At an Inquiry held in August at Chelmsford before the King’s Escheator, it was established that the Prior of Blackmore owed his creditors £35.7s.1d. This included £2.13s.6d …
Reader D:


… to John Hawes for “works”; John Reynolds, draper of Brentwood, £8 6s for three hose and cloth; John Petchey, £1.13s.4d “ready money”; John Bell, 6s for shoeing horses and other services; Thomas Symonds, £3 and Sir George Pocke, Priest at Mountnessing, 6s.
Reader B:

After legal expenses, Blackmore Priory, with its rights in Margaretting, Willingale, Broomfield, Shellow Bowells, Norton (Mandeville), Writtle, South Weald, Kelvedon (Hatch) and Stondon (Massey), was valued at £85.9s.7d.
Reader A:





The contents and land of Blackmore Priory were then granted to Wolsey. Acting, as attorneys were Cromwell and John Smyth: a name which was to be familiar with Blackmore. Henry VIII also granted to Wolsey several Rectories, including Blackmore and Margaretting.
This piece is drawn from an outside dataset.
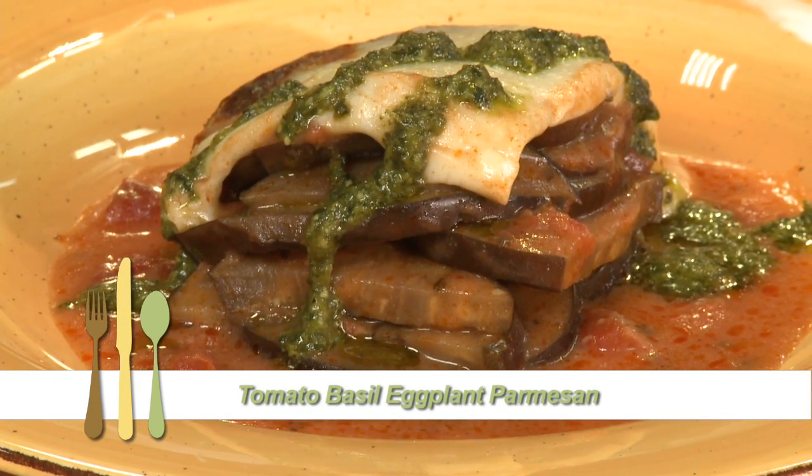Hi, I'm Leanne here at Fred Meyer, and I'd like to share with you Wolfgang Puck's recipe for tomato basil eggplant parmesan. Let's get started.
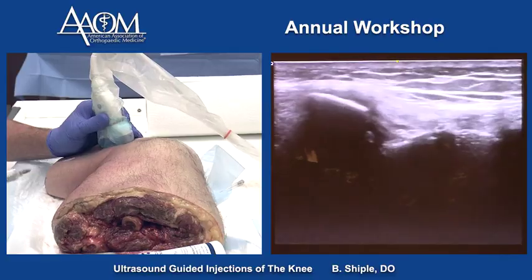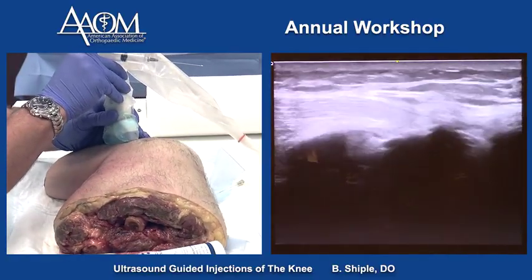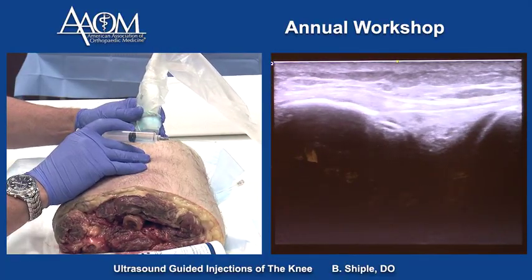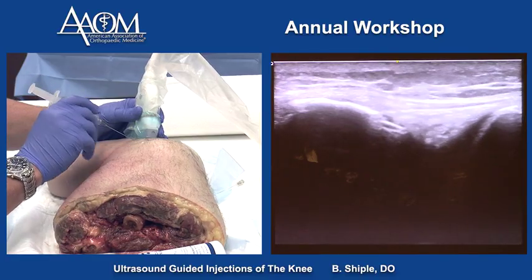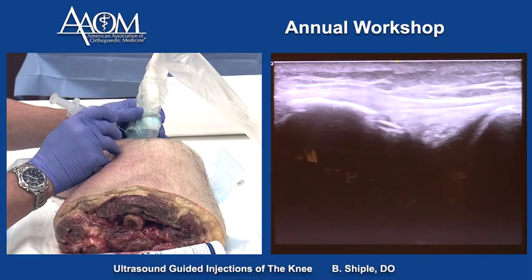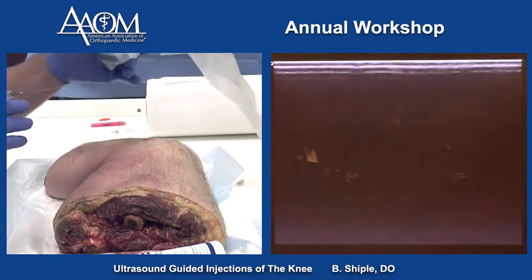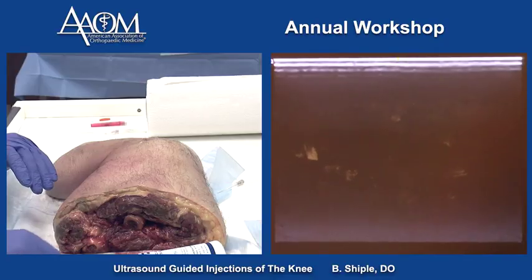The only other area we haven't shown is the IT band insertion — that's a good shot of the IT band. We can inject it short axis or long axis. That's the short axis technique at the insertion area, and it is a very effective treatment technique. Next section will be the medial aspect of the knee.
Blackmore Priory was dissolved in 1527. At that time there were only four Canons in residence.
Reader A, Reader B and Reader D sit.
Music
Kyrie: Mass for four voices
William Byrd
FIVE
Changes in Ownership
Reader A and Reader B to positions
Reader A:









Wolsey founded a Grammar School in Ipswich, but was stripped of all property when he fell out of favour with the King over the planned divorce from his first wife, Catherine of Aragon. In 1529, Blackmore Priory, with all other lands and endowments was returned to the Crown.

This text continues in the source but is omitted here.